(Entries taken from a collection)
◇ ◇ ◇ ◇
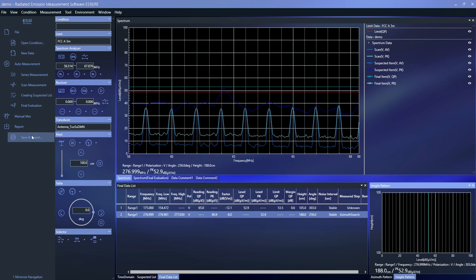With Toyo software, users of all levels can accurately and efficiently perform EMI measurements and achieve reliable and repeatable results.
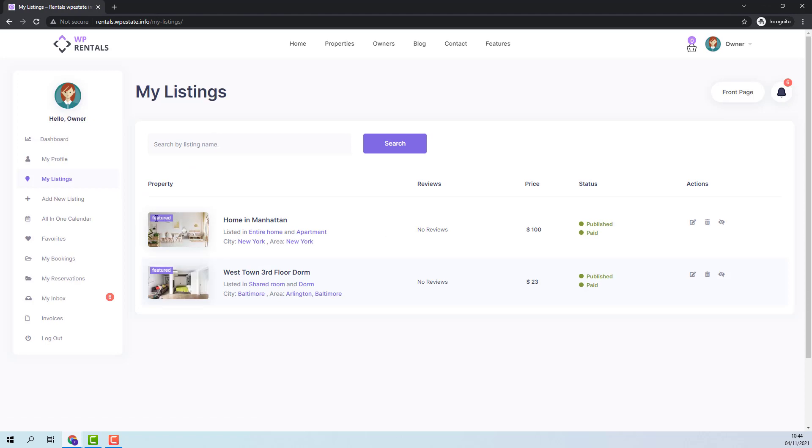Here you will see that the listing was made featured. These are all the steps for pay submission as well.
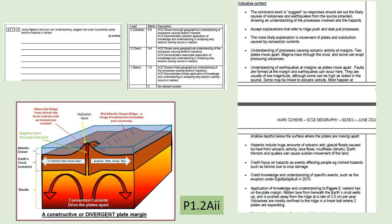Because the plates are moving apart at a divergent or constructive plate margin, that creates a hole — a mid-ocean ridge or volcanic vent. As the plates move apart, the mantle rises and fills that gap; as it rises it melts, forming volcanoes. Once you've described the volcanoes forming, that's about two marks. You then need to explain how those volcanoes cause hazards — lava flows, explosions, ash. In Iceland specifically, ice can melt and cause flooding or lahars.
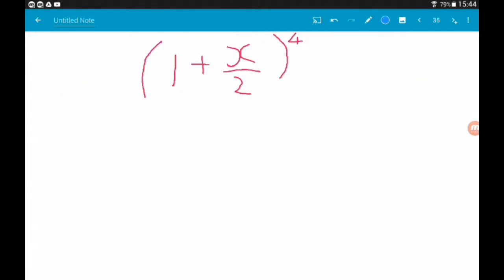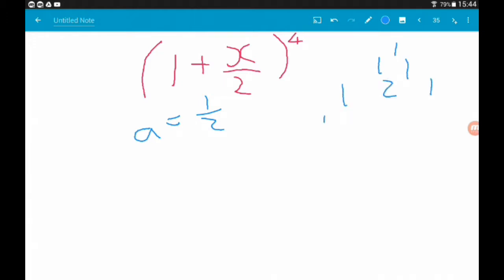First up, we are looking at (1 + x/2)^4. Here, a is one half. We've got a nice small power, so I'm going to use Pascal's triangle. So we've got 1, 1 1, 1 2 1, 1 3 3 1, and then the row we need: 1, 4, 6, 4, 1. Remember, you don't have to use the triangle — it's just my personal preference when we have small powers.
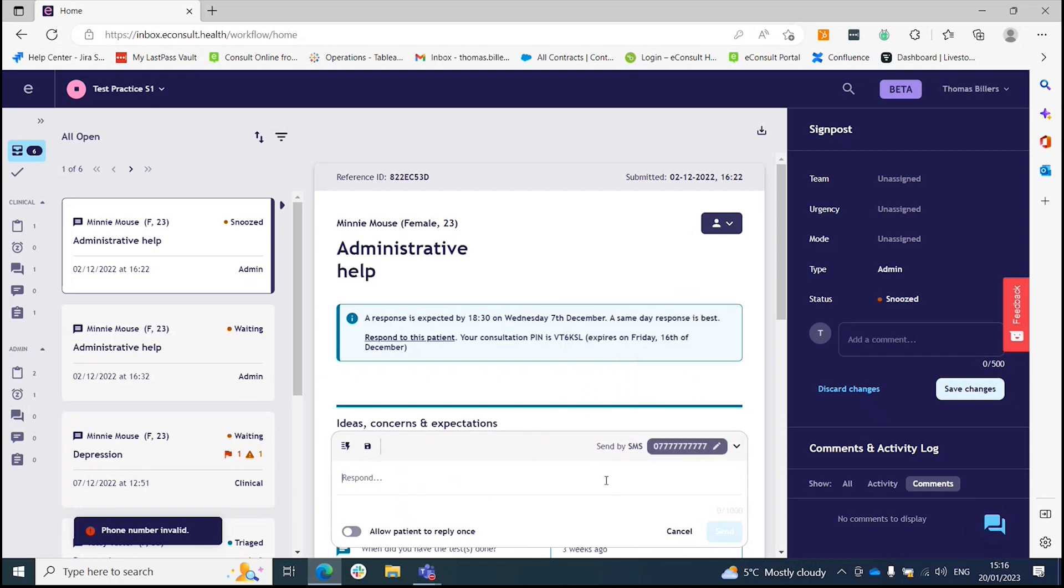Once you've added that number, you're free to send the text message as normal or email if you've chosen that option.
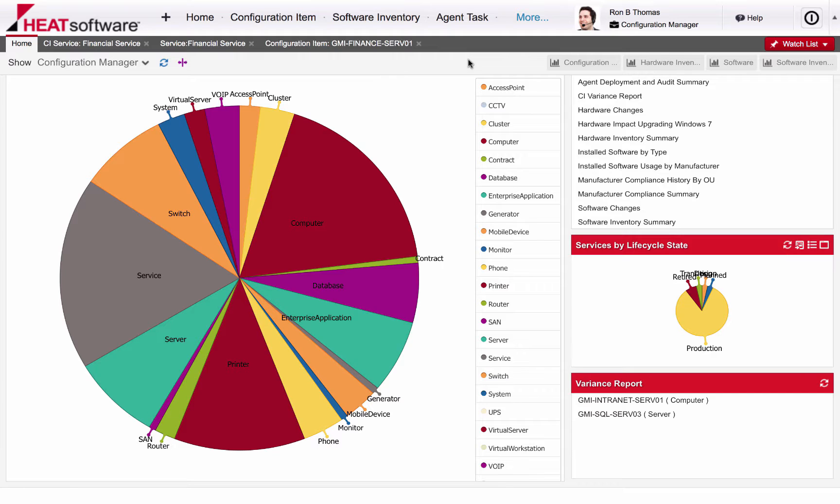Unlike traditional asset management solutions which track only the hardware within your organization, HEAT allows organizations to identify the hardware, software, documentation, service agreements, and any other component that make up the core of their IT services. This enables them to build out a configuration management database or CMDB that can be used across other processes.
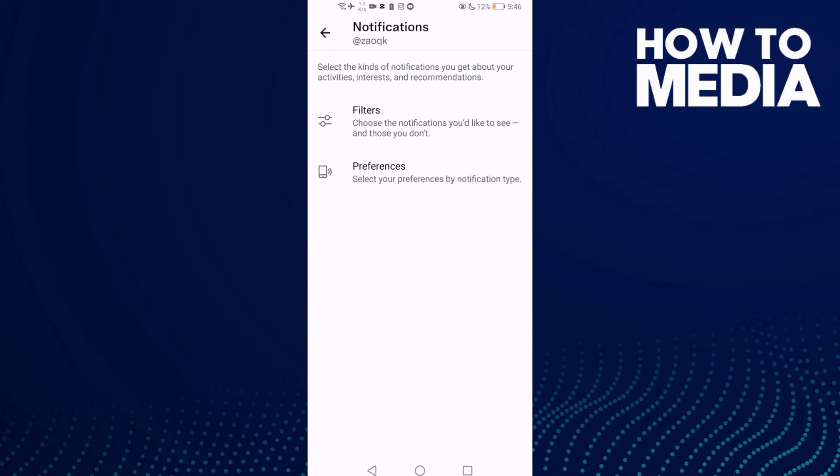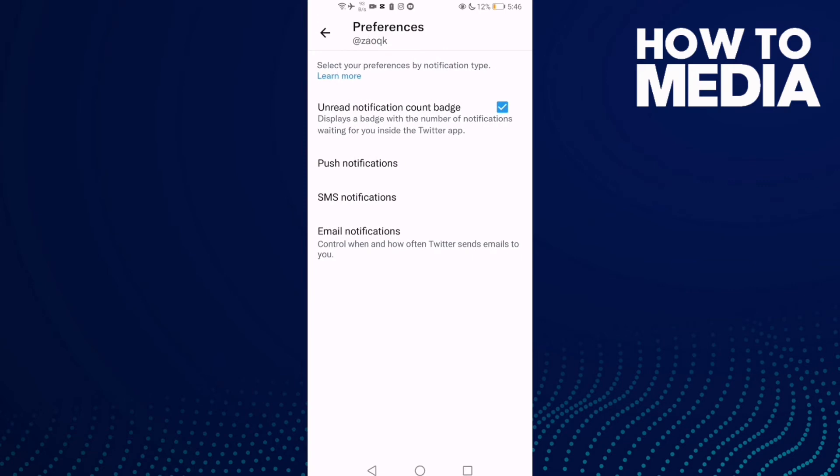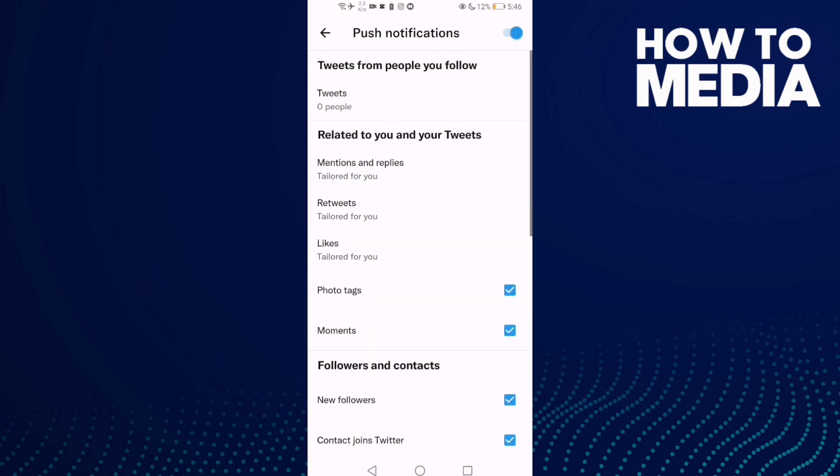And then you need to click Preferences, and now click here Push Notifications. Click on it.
◇ ◇ ◇ ◇
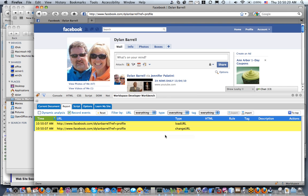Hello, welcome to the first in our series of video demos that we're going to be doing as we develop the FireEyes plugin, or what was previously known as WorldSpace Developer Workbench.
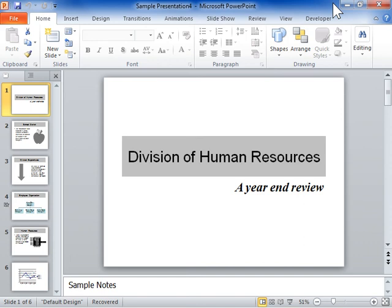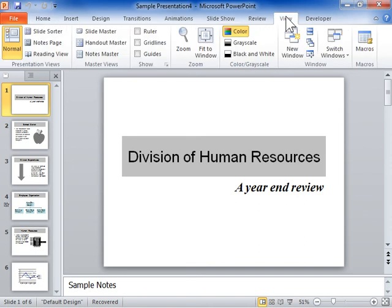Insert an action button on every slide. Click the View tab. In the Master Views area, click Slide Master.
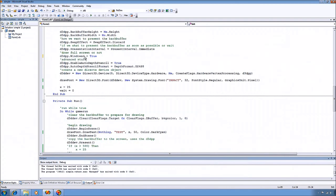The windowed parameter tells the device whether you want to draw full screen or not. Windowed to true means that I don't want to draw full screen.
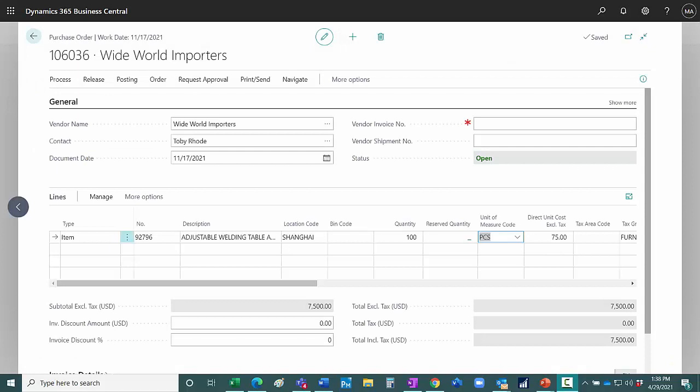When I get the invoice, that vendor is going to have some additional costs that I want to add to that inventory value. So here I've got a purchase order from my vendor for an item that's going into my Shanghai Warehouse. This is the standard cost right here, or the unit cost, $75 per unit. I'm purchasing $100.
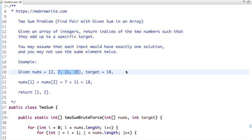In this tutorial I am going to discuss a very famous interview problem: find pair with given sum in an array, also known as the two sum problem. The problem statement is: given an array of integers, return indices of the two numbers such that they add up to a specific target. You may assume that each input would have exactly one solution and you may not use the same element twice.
◇ ◇ ◇ ◇
--- ACTION ITEM ---
Although pictures appear among the records above, write out exactly only the lines from the one that has "Once you've added" through the one that has "And then you", and leave the pictures out.

--- SOLUTION FOR THIS PROBLEM ---
Once you've added that number, you're free to send the text message as normal or email if you've chosen that option.
Unlike traditional asset management solutions which track only the hardware within your organization, HEAT allows organizations to identify the hardware, software, documentation, service agreements, and any other component that make up the core of their IT services. This enables them to build out a configuration management database or CMDB that can be used across other processes.
And then you need to click Preferences, and now click here Push Notifications. Click on it.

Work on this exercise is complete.